Transforma, ONU Mulheres e Women Win: juntos pela igualdade de gênero
Programa de educação dos Jogos Rio 2016 lança conteúdo digital para ajudar escolas a promover os direitos de meninas e mulheres
Programa de educação dos Jogos Rio 2016 lança conteúdo digital para ajudar escolas a promover os direitos de meninas e mulheres
A Vila Olímpica da Gamboa, situada na zona portuária do Rio de Janeiro, se mostrou um palco muito oportuno para o programa de educação dos Jogos Rio 2016 lançar mão do esporte como ferramenta a favor dos direitos de meninas e mulheres. O espaço poliesportivo tornou possível que, há alguns meses, meninos que têm aula de futebol e alunas de balé participassem juntos de uma série de atividades educativas sobre igualdade de gênero. Nos vídeos, gravados na ocasião pelo Transforma em parceria com a ONU Mulheres – que traz para dentro de campo o projeto Uma Vitória Leva À Outra e a metodologia da ONG Women Win –, reside justamente a mensagem de que não deve haver barreiras para os pés que hoje calçam sapatilhas vestirem chuteiras amanhã (e vice-versa).
A partir dessa iniciativa, o programa de educação do Comitê Rio 2016 começa a disponibilizar uma série de cinco vídeos para que professoras e professores levem discussões de gênero às suas aulas e fomentem a conscientização de seus alunos sobre os direitos de meninas e mulheres.
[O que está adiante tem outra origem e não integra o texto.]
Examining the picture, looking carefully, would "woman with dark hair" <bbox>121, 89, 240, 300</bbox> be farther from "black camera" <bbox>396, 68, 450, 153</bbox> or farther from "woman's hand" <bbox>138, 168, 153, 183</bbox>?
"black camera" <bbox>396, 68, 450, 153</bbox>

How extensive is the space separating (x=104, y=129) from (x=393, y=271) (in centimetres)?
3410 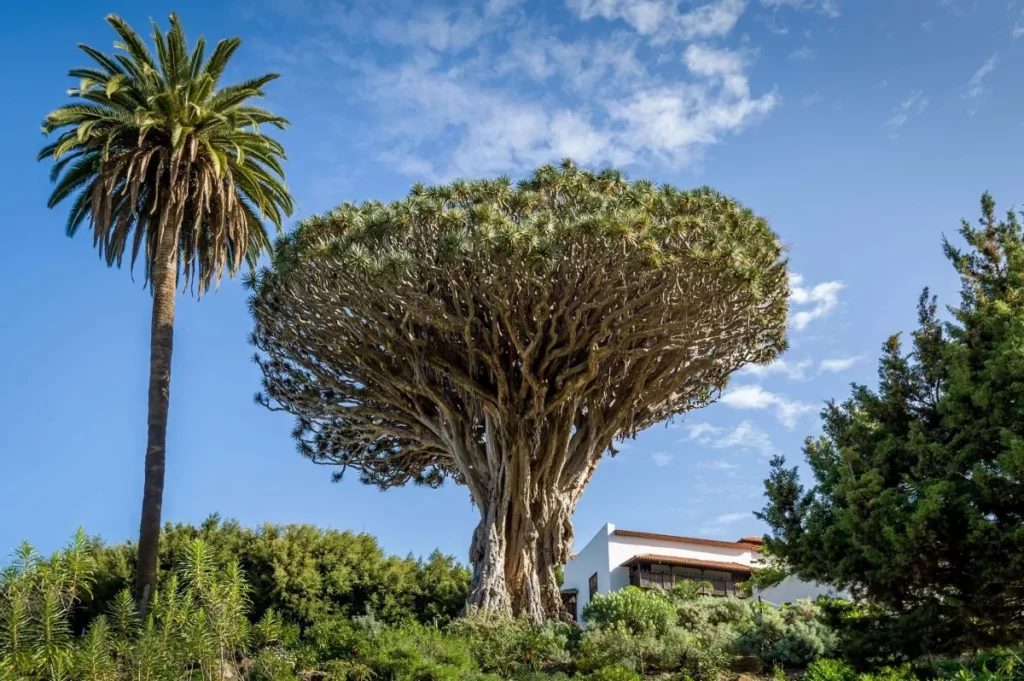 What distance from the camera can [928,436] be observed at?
45.3 ft

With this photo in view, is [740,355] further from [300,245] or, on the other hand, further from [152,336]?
[152,336]

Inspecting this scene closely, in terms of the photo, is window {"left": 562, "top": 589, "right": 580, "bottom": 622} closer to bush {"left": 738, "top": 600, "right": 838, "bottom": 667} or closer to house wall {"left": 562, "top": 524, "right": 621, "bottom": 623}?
house wall {"left": 562, "top": 524, "right": 621, "bottom": 623}

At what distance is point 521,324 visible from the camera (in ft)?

Baseados no já consolidado formato de passo a passo “Aprenda a Ensinar”, os vídeos apresentam atividades esportivas que promovem a igualdade de gênero de maneira didática e facilmente adaptável aos diferentes contextos encontrados em instituições de ensino de todo o Brasil.
O primeiro vídeo a ser lançado na plataforma online chama-se “Meninos e Meninas”, e explica o conceito de normas de gênero. Nele, aprende-se a diferenciar características biológicas dos sexos feminino e masculino de comportamentos impostos pela sociedade tanto a mulheres e meninas, quanto a homens e meninos. Os outros vídeos criados a partir da parceria tríplice são “Caminho da Paz”, voltado para a resolução pacífica de conflitos; “Telefone sem Fio”, que aborda o malefício da fofoca e a importância de uma comunicação clara e honeta; “Relacionamentos Saudáveis” e “Meus Direitos”.
“Com jogos simples e brincadeiras, despertamos em meninos e meninas a conscientização sobre a igualdade de gênero. Isso estimula o desenvolvimento das habilidades socioemocionais de alunas e alunos, algo que vai de encontro às diretrizes do Transforma”, afirma Verônica Fonseca, coordenadora do programa de educação do Comitê Rio 2016. A sinergia entre o projeto Uma Vitória Leva à Outra, já desenvolvido em diversas frentes pela ONU Mulheres e pela Women Win, e a disseminação dos valores Olímpicos e Paralímpicos estimulada pelo Transforma joga a favor do levantamento de discussões saudáveis sobre gênero com jovens de entre 10 e 16 anos.
Thays Prado, representante da ONU Mulheres e apresentadora dos vídeos, ressalta a importância de abordar o assunto justamente nessa faixa etária, de maneira leve e lúdica, no ambiente da educação física: “As questões de gênero estão presentes nas vidas de meninas e meninos desde que eles nascem ou até antes disso. Mas, no período de puberdade e adolescência, essas desigualdades são acentuadas. Enquanto as meninas passam a ter seu corpo por um lado regulamentado e, por outro, objetificado, os meninos ganham autonomia e são estimulados a ir para a rua fazer amigos e competir.”
Ela lembra que, durante a puberdade e a adolescência, 49% das meninas abandonam a prática esportiva, numa proporção seis vezes maior que a relativa a meninos. Além disso, a autoestima delas cai duas vezes mais que a deles nessa fase da vida. “Isso não é biológico, mas se deve a dinâmicas de gênero que oprimem muito mais as meninas”, completa Thays.
Nas próximas semanas, também serão disponibilizadas no site do programa de educação aulas digitais desenvolvidas de acordo com a mesma metodologia do projeto Uma Vitória Leva à Outra. Para a representante da ONU Mulheres, a parceria com o Transforma potencializa o alcance desses conteúdos para todo o Brasil. “Acho extremamente importante aproveitar este ano Olímpico para chamar a atenção para a importância de meninas praticarem esportes e os utilizarem como uma ferramenta para alcançar educação, saúde, inclusão social e paz”, encerra Thays.